I didn’t just say that, Michael Kazin said that. Krugman is part of the feedback loop of radicalization in the country. I did say that. I think he knows it. I also said that. I think his lack of empathy is a strategic choice. If so, he is very very far from moderate.
Man alive, if you can’t find the irony in that then there is no way I can help you.
There are 42 comments on this post and you have 15 of them, all saying the exact same thing. Either get a blog of your own or find more interesting and informative ways of complaining about Krugman.
That’s cool. But in a discussion it’s generally fine to keep talking until someone at least admits to the obvious facts.
For example, just before Krugman pats himself on the back for never “pulling rank” and acting as an internet gatekeeper, is that not exactly what he does when he says “It’s funny in this case, because Quiggin is in fact a prominent economist, Williamson not so much.” And is that not a huge pain in the ass?
I apologize, but this is why I feel compelled to keep talking. See, I don’t give a damn about Krugman (and if I had a blog I’d never spare a second for him). I care about logic. And after I can’t get anyone to actually respond to my pointed, specific observations, your complaint is that I keep saying the same things. Well, yeah. Anyway, yesterday was a slow day and I’m really done.
For example, someone could say “You realize, that by calling Krugman out, you are doing exactly what he says is great about the blogosphere” And I could say, “wow, that’s a good point.” But apparently no one can come up with that and I have to have conversations by myself because everyone has mashed the button. Haha, now I’m really done.
5. evidence that science can be beautiful.
especially when you watch the video with the sound off
In the “Sandwich Envy” post i believe they consider a good none validated point. When i cook i good meal i anticipate this amazing meal, more like masterpiece of a meal, and when i comes down to doing the business it amazing everything i wanted. Apparently the researchers at Carnegie University haven’t got the right people eating for them.

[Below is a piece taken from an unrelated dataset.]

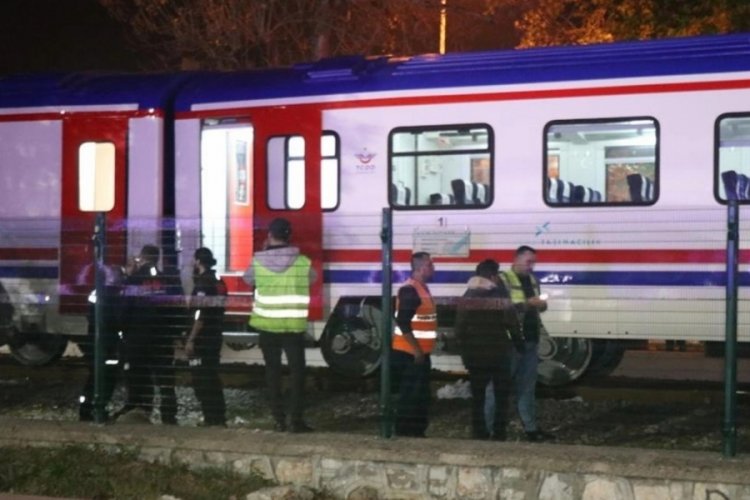 Sakarya'da gen&ccedil; kız elektrikli skuter ile trenin altında kaldı!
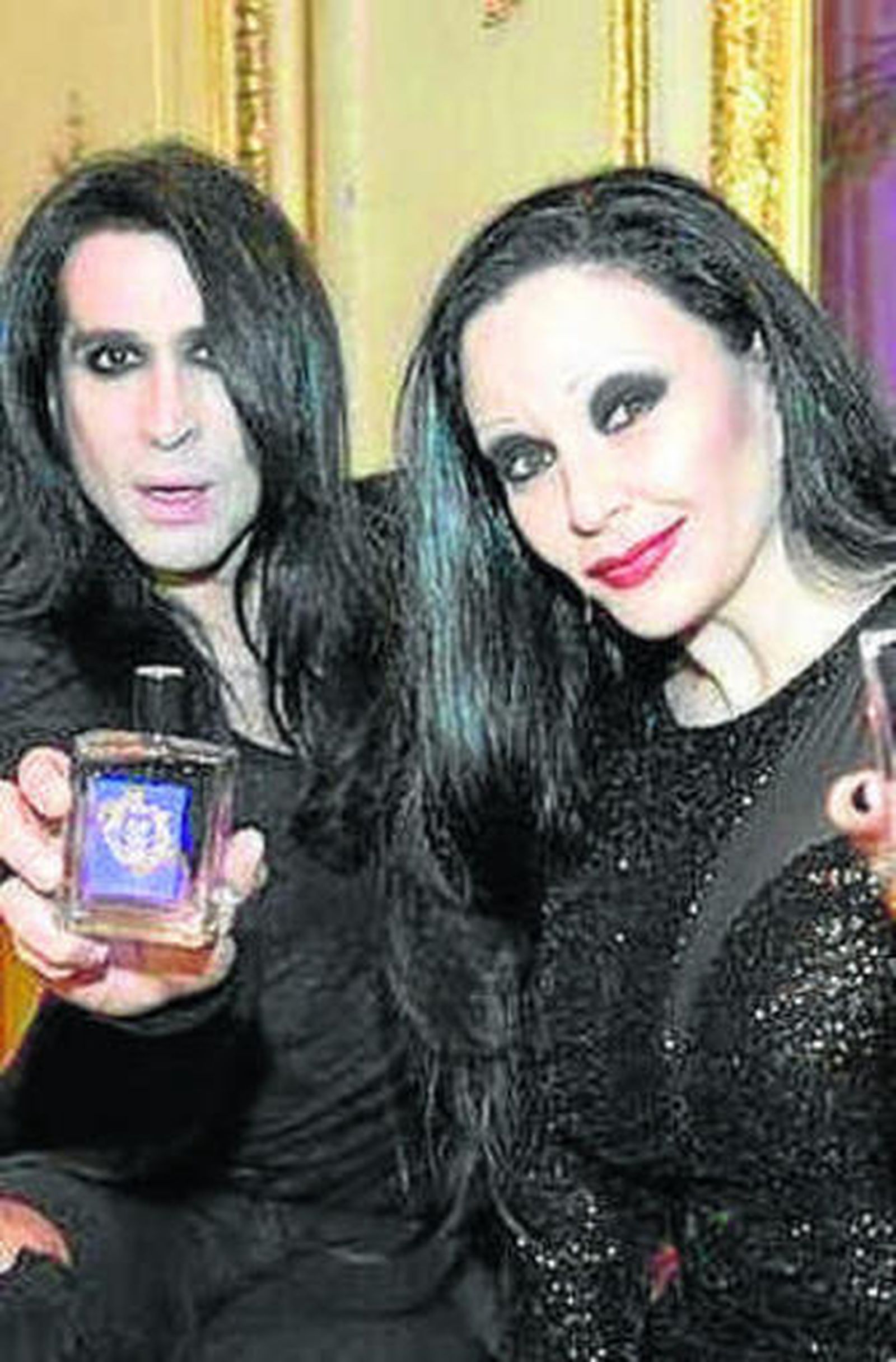 Alaska y Mario presentan sus propios perfumes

oohhhh and also about that Quantum levitation video, Nobel prizes have been awarded on 5 seperate occasions to scientists for research on superconductors. If we can develop room temperature superconductors, we can dramatically increase the efficiency of available power resources, decreasing the world’s power output. The only thing holding us back is the little technical difficulty of not being able to get superconductors to work at temperatures above 30 Kelvin (−243.2 °C)…well not yet anyway.